Certain words have rolled around in her brain and in her mouth like marbles that are worn smooth.

parallel play literal rigid perseverate spectrum anxiety 

She has found herself saying the most ridiculous, absurd things.

“Yeah, he kind of has a thing with counting how many spatulas people have in their kitchen. We’re working on it!”

She has cried herself to sleep.

She has pictured opening the front door, walking outside, and running away forever.

This Autism Mama, she knows the power of a good brownie.

She knows the power of a good counselor.

She knows the power of prayer.

The Autism Mama has been known to accept the diagnosis differently than her counterpart, the Autism Dad. Sometimes she accepts it sooner, while he ponders things like statistics and research and outcomes. She has a pick-ourselves-up-by-the-bootstraps kind of resolve, while he—ever pragmatic—prefers the wait-and-see-approach.

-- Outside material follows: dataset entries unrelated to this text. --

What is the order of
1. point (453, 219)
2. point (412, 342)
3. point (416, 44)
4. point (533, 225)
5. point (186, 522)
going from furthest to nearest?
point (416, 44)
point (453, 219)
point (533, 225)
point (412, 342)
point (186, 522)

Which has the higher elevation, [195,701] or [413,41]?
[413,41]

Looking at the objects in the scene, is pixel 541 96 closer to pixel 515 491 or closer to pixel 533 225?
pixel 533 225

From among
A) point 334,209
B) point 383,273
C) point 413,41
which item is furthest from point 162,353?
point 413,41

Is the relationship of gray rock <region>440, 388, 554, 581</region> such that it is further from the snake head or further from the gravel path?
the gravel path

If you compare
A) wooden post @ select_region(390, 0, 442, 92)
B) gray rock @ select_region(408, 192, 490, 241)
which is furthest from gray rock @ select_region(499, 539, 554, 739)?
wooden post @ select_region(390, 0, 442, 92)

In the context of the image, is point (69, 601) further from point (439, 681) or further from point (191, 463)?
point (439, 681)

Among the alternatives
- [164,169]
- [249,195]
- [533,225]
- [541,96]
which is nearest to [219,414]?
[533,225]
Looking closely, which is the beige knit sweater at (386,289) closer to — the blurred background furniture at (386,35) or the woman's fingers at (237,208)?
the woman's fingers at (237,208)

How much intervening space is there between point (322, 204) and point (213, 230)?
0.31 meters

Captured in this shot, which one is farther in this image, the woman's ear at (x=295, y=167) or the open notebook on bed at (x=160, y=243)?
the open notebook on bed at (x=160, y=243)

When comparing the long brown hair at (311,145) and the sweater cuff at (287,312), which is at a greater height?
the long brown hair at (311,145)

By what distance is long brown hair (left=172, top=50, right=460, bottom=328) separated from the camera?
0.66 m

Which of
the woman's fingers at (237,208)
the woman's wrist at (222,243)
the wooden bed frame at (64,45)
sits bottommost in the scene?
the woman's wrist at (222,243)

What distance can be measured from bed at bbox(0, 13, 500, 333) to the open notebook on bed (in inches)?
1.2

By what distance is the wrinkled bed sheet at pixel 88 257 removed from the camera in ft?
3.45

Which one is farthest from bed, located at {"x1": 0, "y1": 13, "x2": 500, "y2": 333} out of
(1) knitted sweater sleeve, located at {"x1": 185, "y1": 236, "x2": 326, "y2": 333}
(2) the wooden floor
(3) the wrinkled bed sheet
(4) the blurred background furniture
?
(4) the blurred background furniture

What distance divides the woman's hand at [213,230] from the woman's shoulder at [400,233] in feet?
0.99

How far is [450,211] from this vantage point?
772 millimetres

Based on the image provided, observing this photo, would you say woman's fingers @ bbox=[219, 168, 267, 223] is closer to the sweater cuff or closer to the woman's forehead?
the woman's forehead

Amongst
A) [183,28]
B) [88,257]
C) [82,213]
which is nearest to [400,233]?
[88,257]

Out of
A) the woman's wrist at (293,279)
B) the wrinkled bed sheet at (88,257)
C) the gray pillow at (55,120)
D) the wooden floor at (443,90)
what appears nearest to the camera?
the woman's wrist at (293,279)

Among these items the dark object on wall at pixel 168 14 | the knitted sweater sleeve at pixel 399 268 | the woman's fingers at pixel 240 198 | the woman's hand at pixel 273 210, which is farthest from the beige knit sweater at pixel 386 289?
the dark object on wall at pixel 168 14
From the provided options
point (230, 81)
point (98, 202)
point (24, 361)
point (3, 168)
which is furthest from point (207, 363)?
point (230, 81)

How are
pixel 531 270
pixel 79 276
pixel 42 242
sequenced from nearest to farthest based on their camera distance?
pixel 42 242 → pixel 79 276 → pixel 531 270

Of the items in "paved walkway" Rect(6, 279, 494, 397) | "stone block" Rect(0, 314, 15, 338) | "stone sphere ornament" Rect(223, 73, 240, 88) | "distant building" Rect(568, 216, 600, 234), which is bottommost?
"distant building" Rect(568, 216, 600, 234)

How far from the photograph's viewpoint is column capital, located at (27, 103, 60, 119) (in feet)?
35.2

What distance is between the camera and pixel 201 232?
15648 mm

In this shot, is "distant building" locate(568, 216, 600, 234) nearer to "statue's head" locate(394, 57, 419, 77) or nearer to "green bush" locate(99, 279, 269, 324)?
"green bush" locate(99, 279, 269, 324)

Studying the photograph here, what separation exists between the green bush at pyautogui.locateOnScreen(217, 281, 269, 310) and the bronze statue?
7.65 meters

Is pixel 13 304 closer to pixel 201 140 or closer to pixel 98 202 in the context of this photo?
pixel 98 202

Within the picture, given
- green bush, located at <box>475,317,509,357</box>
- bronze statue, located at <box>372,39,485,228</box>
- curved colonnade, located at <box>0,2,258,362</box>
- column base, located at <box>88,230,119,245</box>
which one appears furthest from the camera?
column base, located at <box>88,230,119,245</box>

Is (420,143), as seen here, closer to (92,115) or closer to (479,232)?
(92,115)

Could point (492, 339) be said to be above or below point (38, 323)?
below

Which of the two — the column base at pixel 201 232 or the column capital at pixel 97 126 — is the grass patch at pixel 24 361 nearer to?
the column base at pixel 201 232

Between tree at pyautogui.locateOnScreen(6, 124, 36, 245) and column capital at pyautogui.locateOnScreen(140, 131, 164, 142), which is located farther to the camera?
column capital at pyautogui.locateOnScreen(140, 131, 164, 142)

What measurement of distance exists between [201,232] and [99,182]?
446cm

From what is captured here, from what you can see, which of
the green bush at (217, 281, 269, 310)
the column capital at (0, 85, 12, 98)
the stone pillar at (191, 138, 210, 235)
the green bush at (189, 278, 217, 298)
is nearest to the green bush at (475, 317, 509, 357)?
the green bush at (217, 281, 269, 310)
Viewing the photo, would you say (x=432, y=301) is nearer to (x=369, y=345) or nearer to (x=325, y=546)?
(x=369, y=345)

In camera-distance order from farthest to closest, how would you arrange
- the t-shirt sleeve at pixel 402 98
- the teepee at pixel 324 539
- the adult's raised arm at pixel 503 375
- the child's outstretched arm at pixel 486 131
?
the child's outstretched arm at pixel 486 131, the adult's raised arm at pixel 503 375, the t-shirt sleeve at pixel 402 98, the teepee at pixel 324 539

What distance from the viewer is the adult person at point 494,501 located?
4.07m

She can’t wait, because she knows. She is the mother, and her knowing is nearly a physical sensation, like a small, beautiful winged butterfly hammering inside her ribcage.

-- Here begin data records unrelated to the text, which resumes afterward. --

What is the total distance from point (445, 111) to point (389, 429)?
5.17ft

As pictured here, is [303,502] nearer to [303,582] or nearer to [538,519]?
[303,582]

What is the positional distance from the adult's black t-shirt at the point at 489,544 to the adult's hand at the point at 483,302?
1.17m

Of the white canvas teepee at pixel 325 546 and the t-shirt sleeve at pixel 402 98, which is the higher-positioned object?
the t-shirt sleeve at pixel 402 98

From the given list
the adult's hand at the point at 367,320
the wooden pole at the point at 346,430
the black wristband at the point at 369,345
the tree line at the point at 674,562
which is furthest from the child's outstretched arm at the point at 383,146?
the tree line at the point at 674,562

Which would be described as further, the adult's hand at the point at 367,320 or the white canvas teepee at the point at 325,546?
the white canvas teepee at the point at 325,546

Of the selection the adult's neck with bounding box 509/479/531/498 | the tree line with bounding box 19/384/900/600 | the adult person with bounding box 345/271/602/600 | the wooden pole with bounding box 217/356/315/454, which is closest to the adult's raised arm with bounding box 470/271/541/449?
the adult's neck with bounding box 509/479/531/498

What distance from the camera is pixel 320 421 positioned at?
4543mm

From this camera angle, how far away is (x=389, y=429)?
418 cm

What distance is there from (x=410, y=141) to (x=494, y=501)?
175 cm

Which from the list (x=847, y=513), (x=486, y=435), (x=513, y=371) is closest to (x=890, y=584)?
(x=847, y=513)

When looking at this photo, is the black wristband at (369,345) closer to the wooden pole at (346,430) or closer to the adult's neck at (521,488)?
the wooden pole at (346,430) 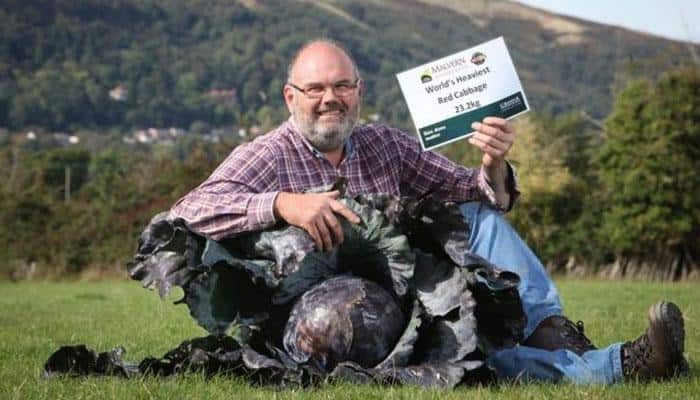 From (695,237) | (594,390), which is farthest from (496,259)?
(695,237)

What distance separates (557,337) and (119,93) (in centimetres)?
16975

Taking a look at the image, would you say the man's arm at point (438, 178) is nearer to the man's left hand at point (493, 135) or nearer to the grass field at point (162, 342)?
the man's left hand at point (493, 135)

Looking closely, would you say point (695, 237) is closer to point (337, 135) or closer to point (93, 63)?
point (337, 135)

She marches forward like a soldier into an IEP battle, headlong into social groups and online forums and the gluten-free aisle at the grocery store.

Because deep down, where the caged butterfly flutters, she knows she has just one chance to raise this child. Time is always running ahead of the Autism Mama like a clock with legs.

She is constantly balancing the things she cannot change with the things she’s trying to change–to understand the enigma in front of her so she may one day help others understand him, too.

And one morning, after he’s left for school and she’s straightening up his room, she looks at the long line of blood-tinged teeth on her son’s nightstand. Without even thinking, she sweeps them into a plastic bag with her hand, walks down to the basement, and nestles them next to a pink-haired troll lying on its side in a large cardboard box.